Sunday, October 08, 2006

Annul Isn't Void!

Wow. Idaho. Jerry Brady and Butch Otter running for governor. I'm in a quandary. Both men are Catholic. Both have had first marriages annulled so they could remarry.

I was raised a Catholic but have not followed the faith since my highschool days. One, I didn't like to be told not to question and two, there were matters that made no sense to me - like annulment. You're married, you usually pay big bucks to get an annulment and then, if successful, according to the church, the marriage never was. What does that make the kids? Illegitimate? Non-existent? I don't know.

What bothers me is the expediency of it because the church doesn't sanction divorce. At least an outright divorce recognizes the marriage did in fact occur. There is a degree of hypocrisy to it; a sense of dishonesty. That's what troubles me. The culture of dishonesty and denial of truth is so prevalent in today's society.

I am not criticizing either man for his faith nor how he has practiced it. I just thought it interesting how what in the purview of the church is perfectly appropriate behavior seems not to be to me. It's one of those clashes of reason one goes through life rarely thinking about. But in our current climate - I've been thinking about a lot.

2 comments:

thailandchani said...

Revisionist history has always been a tool of propagandists and those who can't handle challenge. Who was it who said that anything repeated enough times becomes fact?

Put in simple terms, I don't believe it's possible to unring a bell.



Thailand Gal
~*~*~*

KaleJ said...

Mari,
I posted this on HBO, but am unsure if you saw the comment.

it is sometimes troubling. But it is not the same as divorce. In an annulment, there must be something that invalidates the union. For example, having no intention of fidelity at the time of marriage.

Now that isn't to say that abuses don't happen in the canon legal system of the Church.

But our reading at Mass this weekend was where Jesus rebuked those trying to trick him about marriage.
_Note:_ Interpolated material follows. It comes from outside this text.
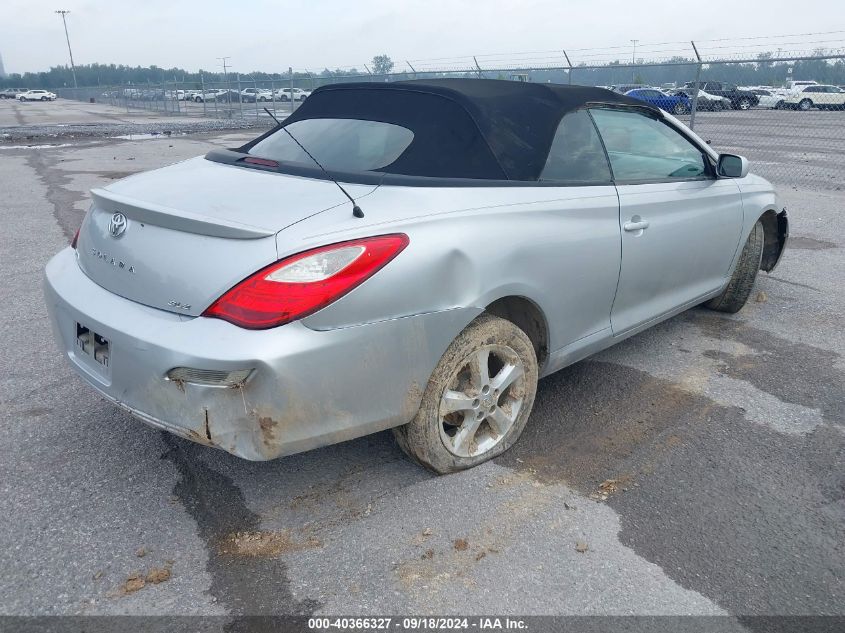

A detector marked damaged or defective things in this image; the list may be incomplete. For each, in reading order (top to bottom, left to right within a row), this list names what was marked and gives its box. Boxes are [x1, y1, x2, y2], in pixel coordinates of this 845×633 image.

damaged rear bumper [44, 247, 482, 460]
Moses granted divorces because of the hardness of their hearts, in the eyes of Jesus, "From the beginning" there is was no such thing as divorce.

Bottom line, the annulments from the Church are along the lines of what Moses allowed for because the people demanded it. Because of the hardness of our hearts, the Church grants mercy.

So I try hard not to judge those with annulments. I have my own logs in my own eyes to remove.